- Active: 1946–1991
- Country: Soviet Union
- Branch: Soviet Ground Forces
- Part of: 3rd Red Banner Army

= 12th Guards Tank Division =

Tank division of the Soviet military

The 12th Guards Uman Orders of Lenin Red Banner and Suvorov Tank Division was a tank division of the Soviet Ground Forces. It drew its history from the World War II 16th Tank Corps. It was redesignated successively as 12th Guards Tank Corps (1943) and 12th Guards Tank Division (1946).

== History ==
The division was initially formed as 17th Tank Corps in the Kiev Military District. It became part of the 2nd Tank Army upon the army's formation. During the war, it participated in fighting at Kharkov, Stalingrad, Kursk, GreI, Uman-Botoshany Offensive, Targul-Frumos, Lublin-Brest Offensive, Vistula-Oder and other operations and actions. From December 1943 to August 1944 it was commanded by Major General Ivan Vasilievich Dubovoy.

It took part in the counter-attacks against the Germans advancing on Stalingrad in the later summer of 1942, the winter counter-offensives of 1942/43, the Battle of Kursk in July (as part of the Central Front), then across Ukraine with the Central, Belorussian, and 1st Belorussian Fronts. In the summer of 1944, it was with the 2nd Tank Army, and took part in the offensives, reaching the outskirts of Warsaw. On 20 November 1944, it was awarded ‘Guards’ status and re-designated the 12th Guards Tank Corps. The Corps took part in the Vistula-Oder and Berlin Operations, ending the war in the Berlin area.

=== Cold War ===
As part of the occupation forces, it was assigned to the 2nd Guards Tank Army. On 6 July 1945, it was reorganized into the 12th Guards Tank Division at Neuruppin. In June 1946 the 2nd Guards Tank Army became the 2nd Guards Mechanized Army. On 6 May 1954, the division was reorganized. The 34th Guards Motor Rifle Regiment became the 145th Guards Mechanized Regiment. The 226th Guards Mortar Regiment and separate howitzer artillery battalion were combined into the 843rd Guards Artillery Regiment. The 18th Separate Guards Motorcycle Battalion became a reconnaissance battalion. Also, the Chemical Defence Company was formed. In 1957, the 2nd Guards Mechanized Army became a tank army again. On 25 June 1957, the 49th Guards Tank Regiment transferred to the 26th Guards Tank Division. The 66th Guards Tank Regiment was renamed the 353rd Guards Tank Regiment. The 71st Guards Heavy Tank Self-Propelled Regiment became the 332nd Guards Heavy Tank Regiment. The 145th Guards Mechanized Regiment became the 803rd Guards Motor Rifle Regiment. The 186th Separate Guards Communications Battalion was renumbered as the 490th. The 75th Guards Anti-Aircraft Artillery Regiment moved to the 207th Motor Rifle Division in 1958. It was replaced by the 933rd Anti-Aircraft Artillery Regiment.

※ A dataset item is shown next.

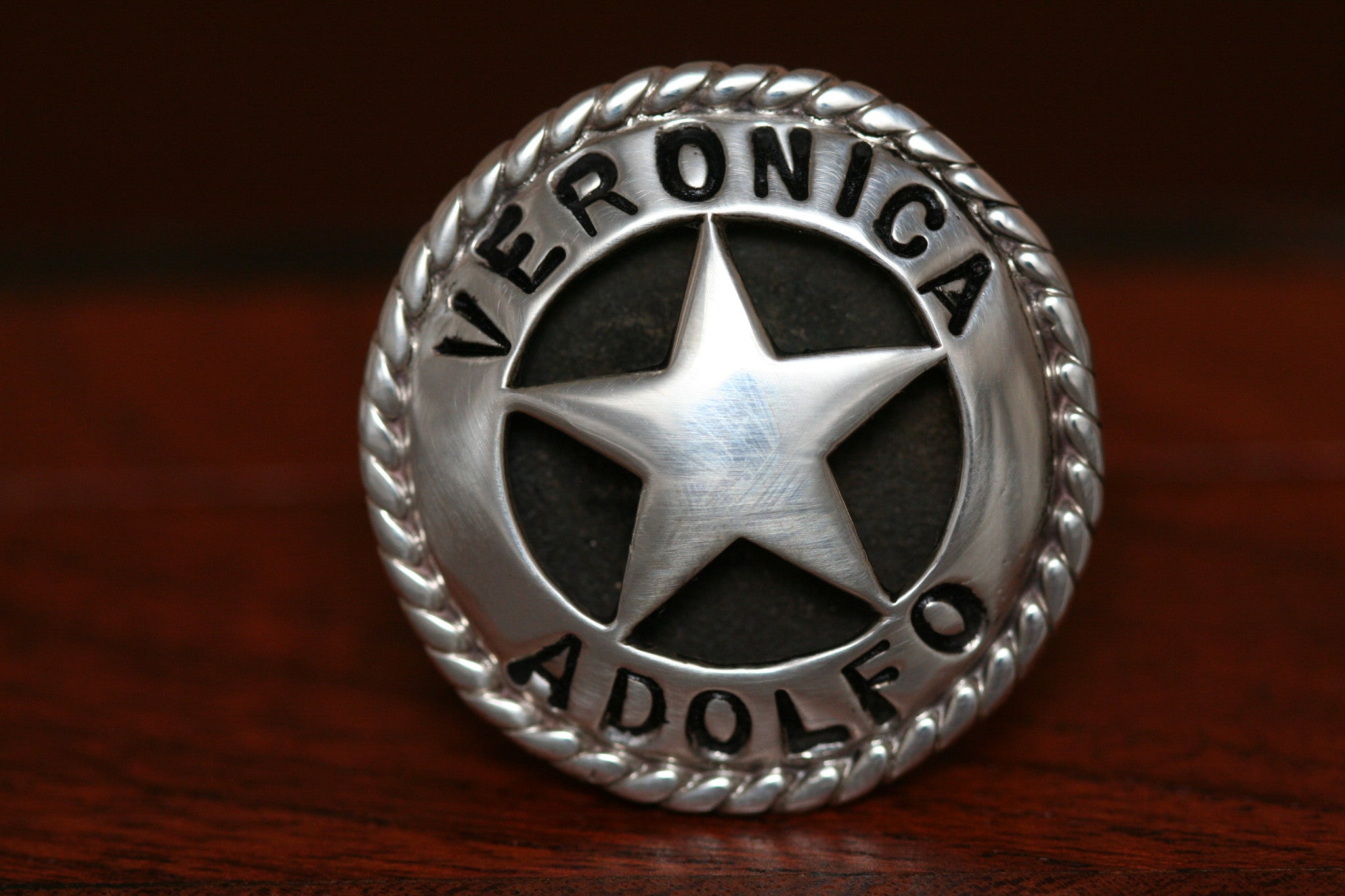New Style Circular Ring -Large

In 1960, the 59th Separate Tank Training Battalion was disbanded. The 639th Separate Missile Battalion was formed in 1961. On 19 February 1962, the 64th Separate Equipment Maintenance and Recovery Battalion was created. The 136th Separate Guards Sapper Battalion became an engineer-sapper unit in 1968. In November of that year, the 803rd Guards Motor Rifle Regiment and 843rd Guards Artillery Regiment moved from the 25th Tank Division. That division's 400th Motor Rifle Regiment and 117th Artillery Regiment were transferred to the 12th Guards Division. The chemical defence company became the 129th Separate Chemical Defence Battalion in 1972. The motor transport battalion became the 1074th Separate Material Supply Battalion in 1980. The 400th Motor Rifle Regiment was replaced by the 200th Guards Motor Rifle Regiment in January 1983. The division became part of the 3rd Red Banner Army in May 1983. The army headquarters was located in the city of Magdeburg. Other divisions of the army were the 10th Guards Uralsko-Lvovskaya Tank Division, the 47th Guards Tank Division, and the 207th Motor Rifle Division. In September 1987 the 639th Separate Missile Battalion was transferred to the 442nd Missile Brigade.

Division headquarters was located in the town of Neuruppin. On the outskirts of town, closer to Altruppin was the location of the three regiments: 48th Guards Tank Regiment, the 353rd Guards Tank Regiment and 332nd Guards Tank Regiment. After the withdrawal from Germany, the 12th Guards Tank Division was disbanded. The commander of the 48th Guards Tank Regiment in 1989 was Colonel Kuhnovets. It was to be deactivated in the Moscow Military District, and the division actually disbanded around 1991.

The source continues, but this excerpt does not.